Gradient of microhardness in the contact zone coating (HEA CoCrFeNiMn) – substrate (alloy 5083)

In recent years, researchers in physical materials science have focused on high-entropy alloys (HEAs) [1; 2], which exhibit abnormally high values of mixing entropy, surpassing those of complex alloys. The HEA concept involves achieving maximum mixing entropy from five or more elements in various atomic ratios. This results in single-phase structures with significant lattice distortion and impeded diffusion, leading to enhanced strength properties and stability over a wide temperature range [3 – 5]. Developed HEAs show promise for applications in electronics, nuclear energy, transport engineering, aerospace, and other industries [6; 7]. The use of HEAs is expected to expand as new compositions are developed and their properties investigated. Currently, extensive information is being gathered and understood about HEA synthesis methods, structural and phase states, defect substructures, and properties.

In this study, the change in microhardness within the contact zone of the HEA CoCrFeNiMn coating on the alloy 5083 substrate was analyzed.

The study used samples of the coating-substrate system, where the coating was a non-equiatomic composition of HEA CoCrFeNiMn, formed on a substrate of alloy 5083 using wire-arc additive manufacturing [3]. The hardness of the material was determined using the Vickers method on a PMT-3 microhardness tester with a load of 5 N. Studies of structural and phase states, defect substructure, and elemental composition were conducted using transmission electron diffraction microscopy on a JEM2100 instrument.

The microhardness of the coating – substrate system varies from 9.9 GPa at the coating – contact zone boundary to 1.5 GPa at the contact zone – substrate boundary. The microhardness of the coating and substrate is 3.0 and 1.0 GPa, respectively (Fig. 1).

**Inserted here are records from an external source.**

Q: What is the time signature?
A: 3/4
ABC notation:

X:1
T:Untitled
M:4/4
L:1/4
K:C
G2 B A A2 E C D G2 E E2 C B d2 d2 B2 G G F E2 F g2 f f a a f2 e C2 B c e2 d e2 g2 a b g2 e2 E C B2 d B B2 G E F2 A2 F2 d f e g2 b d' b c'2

The significant change in the microhardness of the contact zone is due to the structural and phase changes of the material when the coating is applied to the substrate. X-ray microanalysis confirmed the chemical homogeneity of the coating and the presence of aluminum atoms, indicating their diffusion from the substrate.

Electron microscope images of the contact zone revealed the formation of a grain-subgrain structure with crystallite sizes ranging from 0.5 to 1.1 μm (Fig. 2, a). Within the grains of such a structure, chaotic and cellular dislocation substructures with a scalar density of approximately 10¹⁰ cm\(^–\)² are present (Fig. 2, b).

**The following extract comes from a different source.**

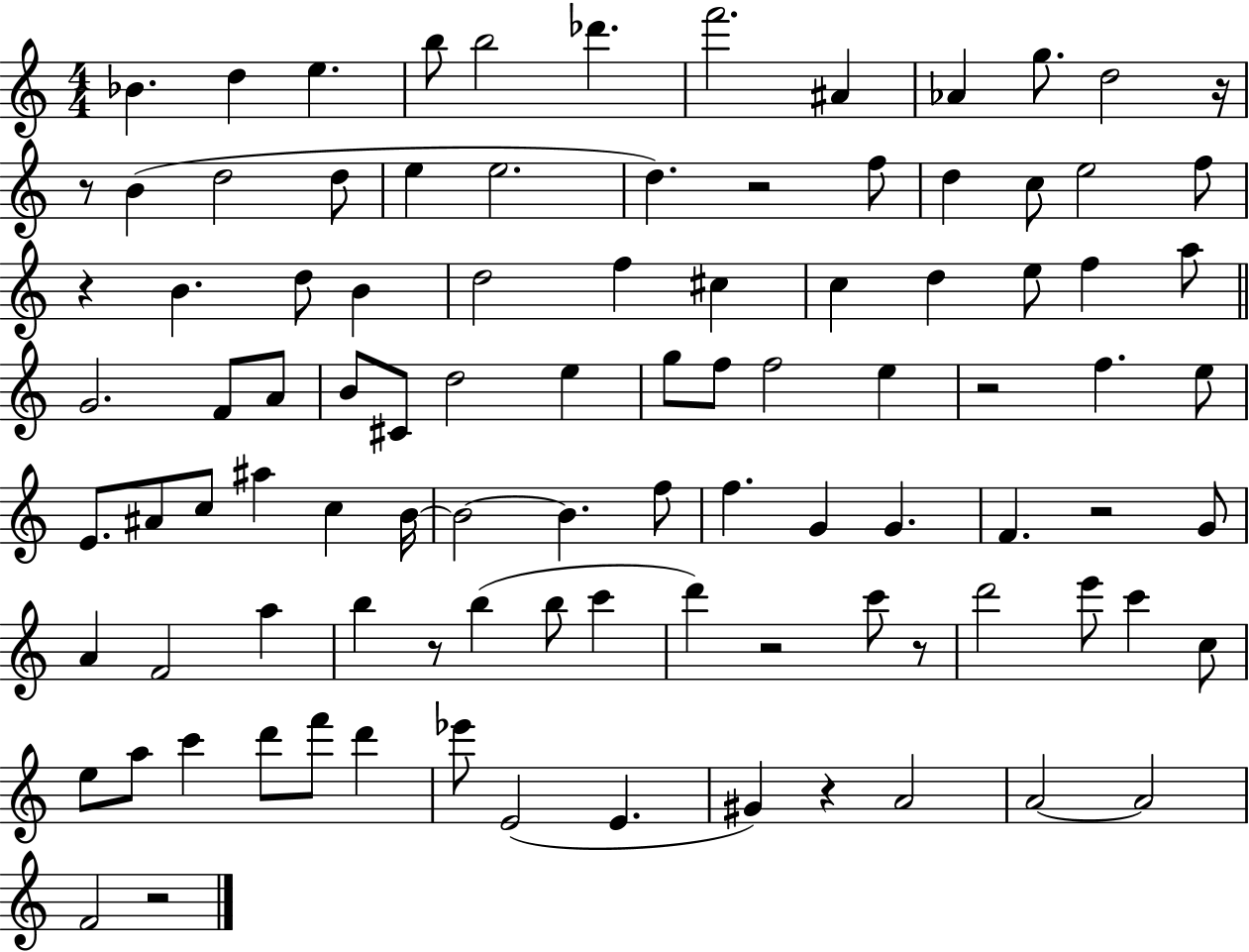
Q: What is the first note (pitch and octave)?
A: Bb4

Particles of the second phase were found within the volume of grains and subgrains, as well as at their boundaries. The sizes of these particles in the grain volume range from 15 to 17 nm, and at their boundaries from 30 to 35 nm. Analysis of X-ray diffraction patterns established that the chemical composition of the second-phase particles is Al₃Fe₄.

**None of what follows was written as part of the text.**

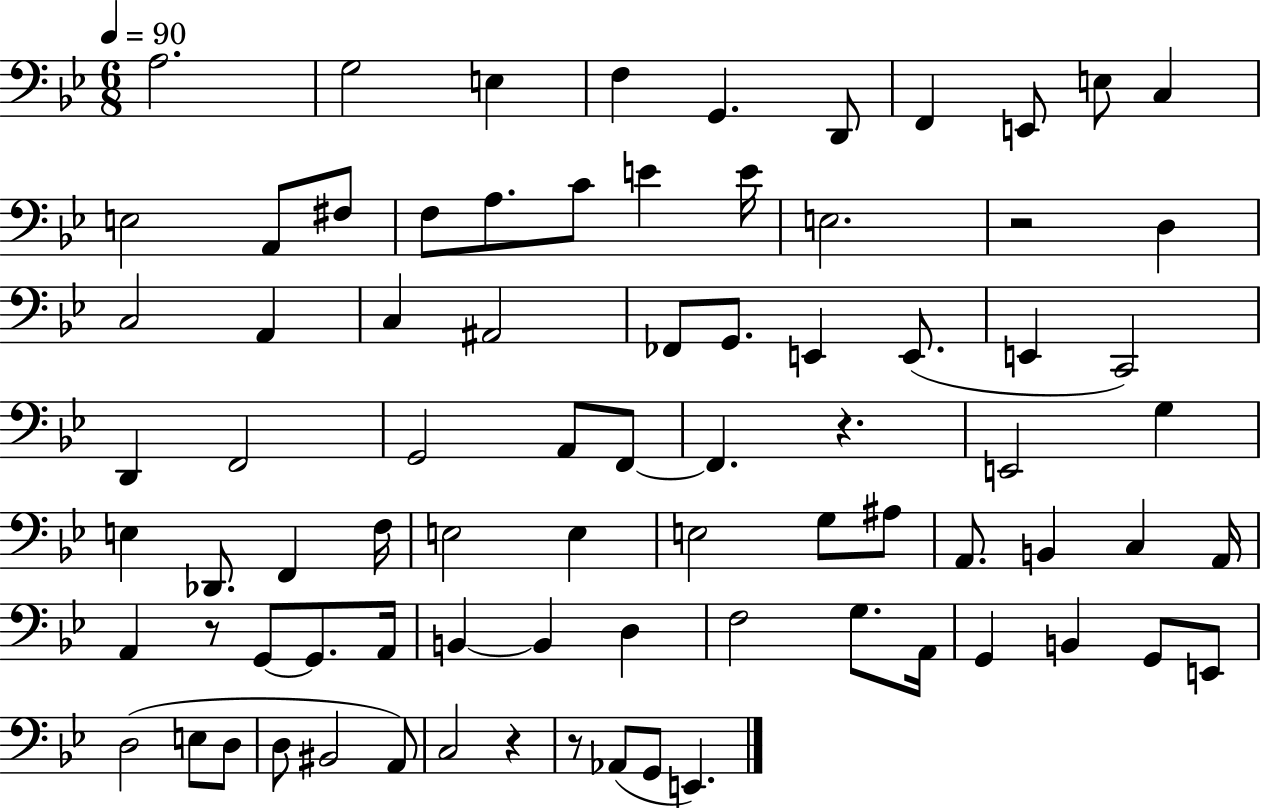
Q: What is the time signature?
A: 6/8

Plate-shaped formations were found in the contact zone on the substrate side. Analysis of dark-field images and indexing of the corresponding X-ray diffraction patterns allows us to conclude that these inclusions are iron aluminides of the composition Al₃Fe₄.

Conclusions

Analysis of the phase elemental composition and defect substructure suggests that the increase in microhardness in the contact zone of the coating-substrate system is due to several factors: the formation of a submicron grain-subgrain structure containing nanosized second-phase particles, solid-solution strengthening resulting from mutual alloying of the coating and substrate, and the formation of plate-shaped iron aluminides. Additionally, differences in thermophysical characteristics between the coating and the substrate may lead to the formation of internal stress fields in the contact zone.